Pour la seconde fois en quelques jours, je fis le tour de chacune des pièces en appelant mes parents, et terminai par le salon. Il avait été nettoyé et remis en ordre. Néanmoins, il manquait la moitié des meubles, et ceux qui restaient n’étaient pas à leur place habituelle. Comme si la personne qui avait rangé la pièce ne connaissait pas son agacement. Mes épaules s’affaissèrent devant la triste vérité que me révélait ce spectacle : ce n’était pas l’œuvre de mes parents.
De retour dans l’entrée, je fermai la porte à double tour. Qu’elle ne soit pas verrouillée aurait dû me mettre la puce à l’oreille. Celle qui menait au jardin suivit de près. Les mains sur les hanches, je tournai sur moi-même entre la salle à manger et la cuisine. Nous étions au beau milieu de la campagne et, seule dans cette grande maison, je ne me sentais pas en sécurité. Malheureusement, je n’avais nulle part où aller. C’était ça ou la planque.

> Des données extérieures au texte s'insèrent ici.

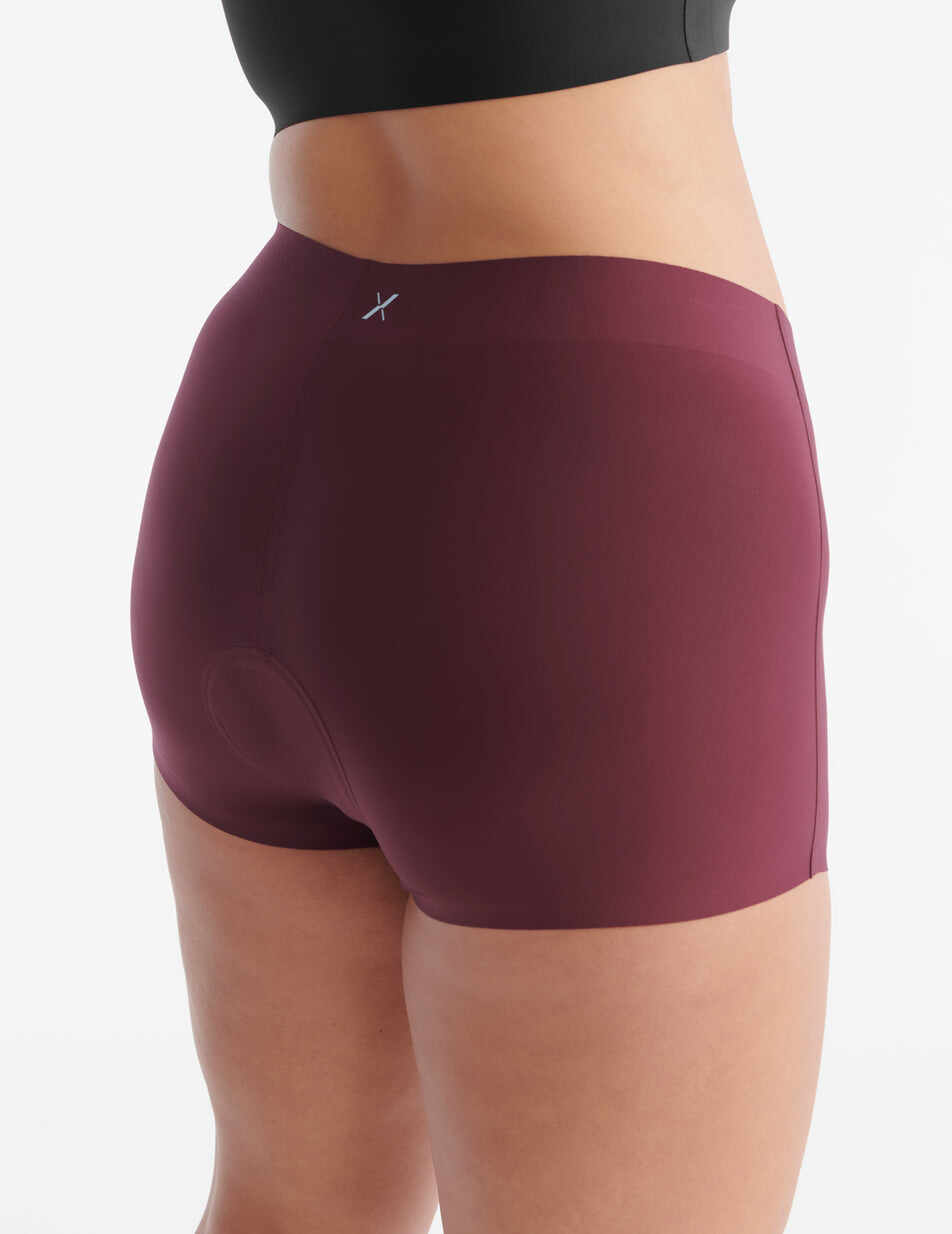 Super Leakproof® Dream Short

Mon sac, qui pesait lourd dans mon dos, se rappela à mon souvenir à ce moment-là. Avant de prendre une quelconque décision, il fallait que je charge mon téléphone et que je me lave. Je branchai l’appareil et filai dans la salle de bain.

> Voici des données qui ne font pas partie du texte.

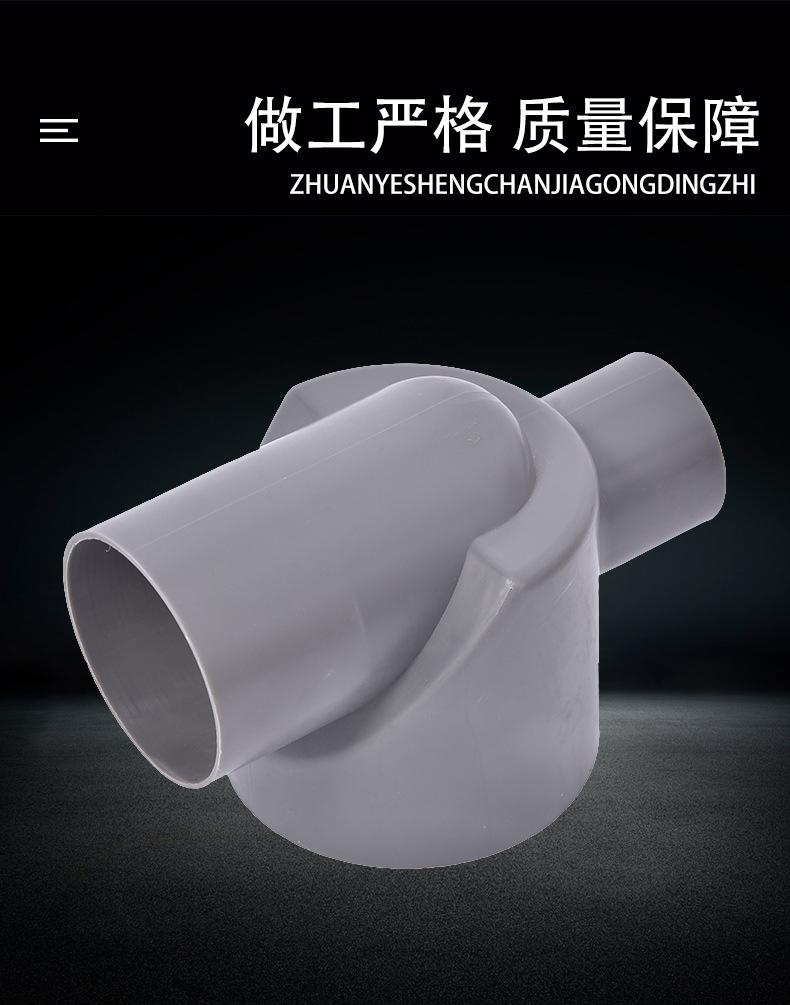 注塑异形件_05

Je restai trente minutes sous l’eau chaude. Ce fut la meilleure douche de ma vie.
Une fois propre et habillée, je m’assis en tailleur sur mon lit et me brossai les cheveux pour qu’ils ressemblent enfin à quelque chose. Le moment de réfléchir à la suite des événements était venu. Je passai en revue les endroits où mes parents auraient pu se cacher tout en démêlant mes longues mèches tantôt blondes, tantôt châtain. J’avais abandonné l’idée qu’ils se décident pour l’une ou l’autre de ces couleurs.
Ma famille aurait dû être ma première hypothèse, mais nous n'avions aucun contact avec mes grands-parents. J’ignorais même leurs prénoms. On ne parlait jamais d’eux. Je supposais que cette rupture était due à une dispute, mais je n’avais aucune certitude sur le sujet. Mon père m’avait, un jour, avoué qu’il avait un frère qui lui manquait énormément. Point. Voilà où s’achevait l’état de mes connaissances sur mon arbre généalogique.

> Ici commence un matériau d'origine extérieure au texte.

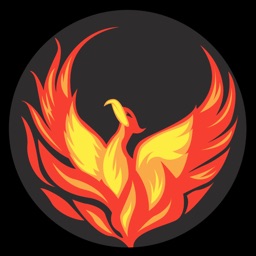 iPhoenix TFI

Travaillant tous deux à domicile, ils n’avaient pas de collègue et je ne leur connaissais aucun ami. Celle qui avait la plus grande vie sociale, c’était moi. Et elle ne frôlait pas les sommets. Mes camarades de classe ne m’intéressaient pas, ils me fatiguaient. L’être humain dont j’étais le plus proche au lycée, c’était ma prof de dessin.
Pas de famille, pas d’ami. Personne pour me venir en aide. Je devais me rendre à l’évidence : j’étais seule, et je commençai à angoisser.
— Arrête de pleurer, Amalie, me rabrouai-je quand une petite larme dévala ma joue gauche.
Je l’essuyai et me levai pour m’emparer de mon téléphone que je m’empressai d’allumer. J’attendis une minute. Puis, deux. Au bout de cinq minutes sans notification ni message, je tressaillis. Où étaient-ils, bon sang ? Prise d’une illumination, je courus dans leur chambre et jetai un coup d’œil sous le lit. Les sacs y reposaient toujours.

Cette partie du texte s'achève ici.